[How to complete this task]: Once the images are set aside, print the remaining lines below exactly.

[Data provided]:
━━━━━━━━━━━━━━━━━━━━━━━━━━━━━━
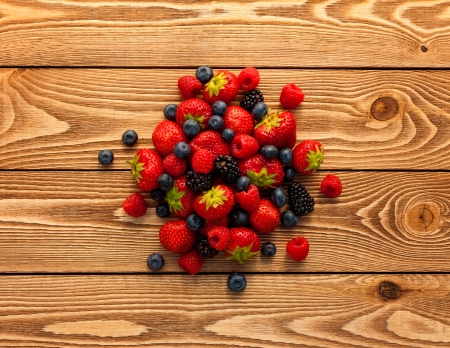 Berries on Wooden Background. Berries on Wooden Background.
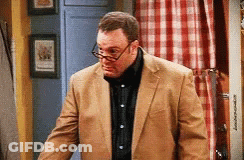 A Man Wearing Glasses And A Tan Suit Is Standing In A Room GIF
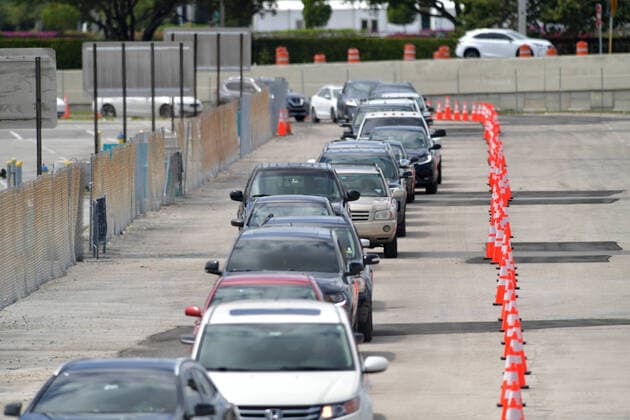 March 23, 2020, Miami Gardens, Florida, United States Of America: MIAMI GARDENS, FL - MARCH 22: FIRST RESPONDERS ONLY TESTING DAY - Instead of setting up for the Miami Open tennis tournament, the Florida National Guard (many without face masks due to shortage) was running a drive-through testing site off the Florida Turnpike at the Hard Rock Stadium in Miami Gardens where people can go for a COVID-19 Test Without Getting out of their Cars. As Miami-Dade Countys number of COVID-19 cases rise to 169, the site will open at 9 a.m. Monday in the east parking lot of the Hard Rock Stadium, 347 Don Shula Drive. The testing is free and the site will be open from 9 a.m. to 5 p.m. on a daily basis, said Juan Diasgranados, a spokesperson for the testing site. The test site will be run and was created by several local, state and national agencies wh - ZUMAs214 20200323_zaa_s214_031 Copyright: xSMGx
━━━━━━━━━━━━━━━━━━━━━━━━━━━━━━
[Reply]:
 Berries on Wooden Background. Berries on Wooden Background.
 A Man Wearing Glasses And A Tan Suit Is Standing In A Room GIF
 March 23, 2020, Miami Gardens, Florida, United States Of America: MIAMI GARDENS, FL - MARCH 22: FIRST RESPONDERS ONLY TESTING DAY - Instead of setting up for the Miami Open tennis tournament, the Florida National Guard (many without face masks due to shortage) was running a drive-through testing site off the Florida Turnpike at the Hard Rock Stadium in Miami Gardens where people can go for a COVID-19 Test Without Getting out of their Cars. As Miami-Dade Countys number of COVID-19 cases rise to 169, the site will open at 9 a.m. Monday in the east parking lot of the Hard Rock Stadium, 347 Don Shula Drive. The testing is free and the site will be open from 9 a.m. to 5 p.m. on a daily basis, said Juan Diasgranados, a spokesperson for the testing site. The test site will be run and was created by several local, state and national agencies wh - ZUMAs214 20200323_zaa_s214_031 Copyright: xSMGx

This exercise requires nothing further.